And what are the things that you see as hurdles to realizing that vision? And I think there are typically a bunch of words that people throw at this fault tolerance, decoherence and so forth. Can you sort of take us through what these hurdles are and where you think we are in the journey to surmount them? I would say the biggest challenge is actually driving down error rates. Right. So these physical systems have errors. That's coming from some of it is Physics, fundamental physics, a lot of it is in more instrumental environments that we just simply cannot control them. And just concrete. When you talk about an error, you mean when you ultimately measure it, you wanted it to be a zero and it's a one or so. I mean, is it that level of. Yeah, but every operation, every entanglement operation or within the working of. Within the. Yeah, within your circuit introduces error. Right. Because we can't do it perfectly.

And so right now, for example, in trapped ion, on our trapped ion system, we're able to get 99.9% fidelity. That means, if you want to think about it classically, we do a measurement one out of 1,000 times, you get a wrong answer. But of course this is in the quantum mechanical space, so it's a little bit different, but that's the idea. So there's always some limits. And I would say 99.9% is probably best. I mean, that sounds best in industry right now. Yeah, but I guess. But it's not good enough because you want 100,000 operations in your computation. You can't get there. And so how do you get better?
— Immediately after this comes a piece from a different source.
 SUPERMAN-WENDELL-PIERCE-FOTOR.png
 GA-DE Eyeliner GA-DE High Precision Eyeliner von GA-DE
So obviously you can work on it on a physical level, but there's this concept of fault tolerant quantum computing, which is taking a bunch of physical qubits to construct a logical qubit.

So just want to understand that seems to be a key idea. Yes. Because normally when we think about quantum computation, you think about each qubit as carrying the information that you want it to carry. But I gather you're saying that you can take many of these qubits to actually carry the information of one. And by having many, presumably you can have redundancies and you can have error correction built into it. And is that the way forward? Is that the way to minimize these issues associated with error? Yeah, and I think, you know, classical computing does that all the time. Right. When we pass, when we're sending packages, packets and or, you know, you write some, you know, your image on the CD or something, a lot of times bits gets lost and there are ways to recover it. Right.

And so you can build that in, you know, with redundancy. With quantum mechanics, it's a little trickier because there's no cloning theorem, so you can just straight copy it. So just quickly tell people that you, I mean, the no cloning theorem, what does it tell us? So if you have an arbitrary state, my quantum state, you can't copy it. Right there. quantum mechanics forbids quantum mechanics. Right. Just the theory itself says you can't do it. Right. And so you can untangle it. Right. And create something that's an object that's related to it, but you can't copy it exactly. Right. Then you can just go measure that and preserve original. So redundancy. You have to be much more clever in the quantum realm, but people have found ways of being much more clever.

Yes. And there's this whole field of quantum error correction, fault tolerant quantum computing, that describes how you encode logical qubits. There are many protocols to do that, and they apply in different ways. And so the idea is that once physical error rate hits a threshold, if it's below a threshold, then you can just add more qubits to form these large logical qubits and get better and better error rates. So what ratio are you dealing with now? I mean, how many of these qubits do you have? Encoding the information in this logical qubit depends on how good you want the logical qubit error rate. Yeah. And where are you now? Where are we right now? We just demonstrated with Microsoft just last month that we can get it to 800 times lower error rate by creating these Bell states using logical qubits. And the encoding rate is about six to one or seven to one. Six or seven of these physical ones to one logical one.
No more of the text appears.